Several years ago, at the height of the last War for Talent, Malcolm Gladwell offered his version of this same corrective. In an essay called "The Talent Myth," the New Yorker writer looked at business's obsession with hiring the best and the brightest, and raised a bright red flag. The problem with this star-studded approach, he said, is the "assumption that an organization's intelligence is simply a function of the intelligence of its employees. [Some companies] believe in stars, because they don't believe in systems. In a way, that's understandable, because our lives are so obviously enriched by individual brilliance. Groups don't write great novels, and a committee didn't come up with the theory of relativity. But companies work by different rules. They don't just create; they execute and compete and coordinate the efforts of many different people, and the organizations that are most successful at that task are the ones where the system is the star."

The star of Gladwell's assault on the star system was Enron, a company that famously populated itself with the brightest lights of the most elite institutions, and then went down in flames. "The reasons for [Enron's] collapse are complex, needless to say," Gladwell concluded. "But what if Enron failed not in spite of its talent mind-set but because of it?
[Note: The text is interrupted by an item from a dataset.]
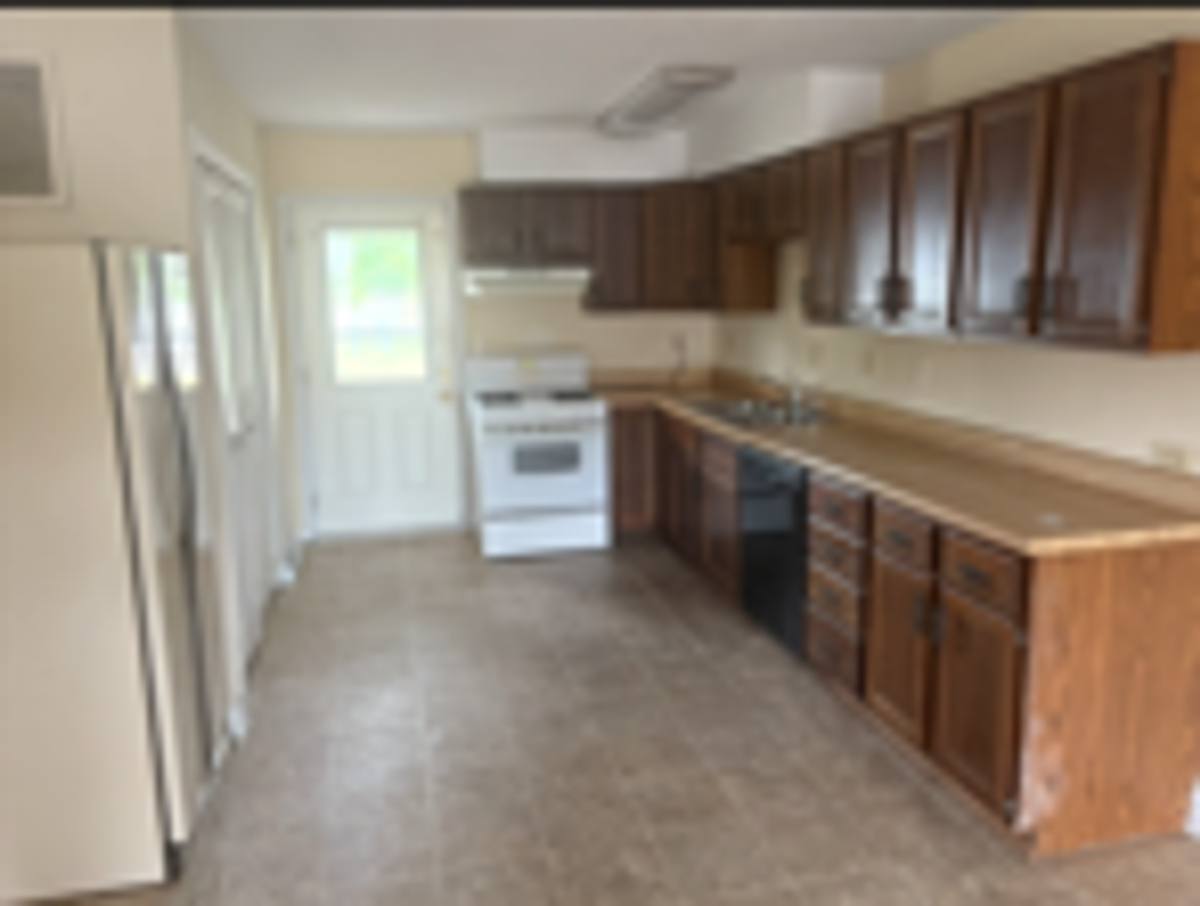 Apartment for rent at 1200 N 7th St, Auburn, IL 62615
What if smart people are overrated?"

It was the last question by Gladwell that inspired the title of my original post. The question he raised several years ago has come back with such a vengeance today. There is more to long-term performance than the excellence of your individual players. Great companies, great organizations of all kinds, are as much about character as credentials, about how everyone works together as well as how each person does his or her work. Winning teams are more than just a collection of talented individuals.

As I said in my original essay, this is not an argument for settling for mediocrity. But it is a plea for some sense of proportion. And in a world of endless booms and busts, bubbles and popped bubbles, Wars for Talent and extended periods of unemployment, proportion is not such a bad thing.

Oh, and to those of you (and there are many) who responded to my original post with such rancor and derision: if you conduct yourself at work the same way you conduct yourself in these online comments, you're kind of making my point. Maybe you should embrace a sense of proportion as well.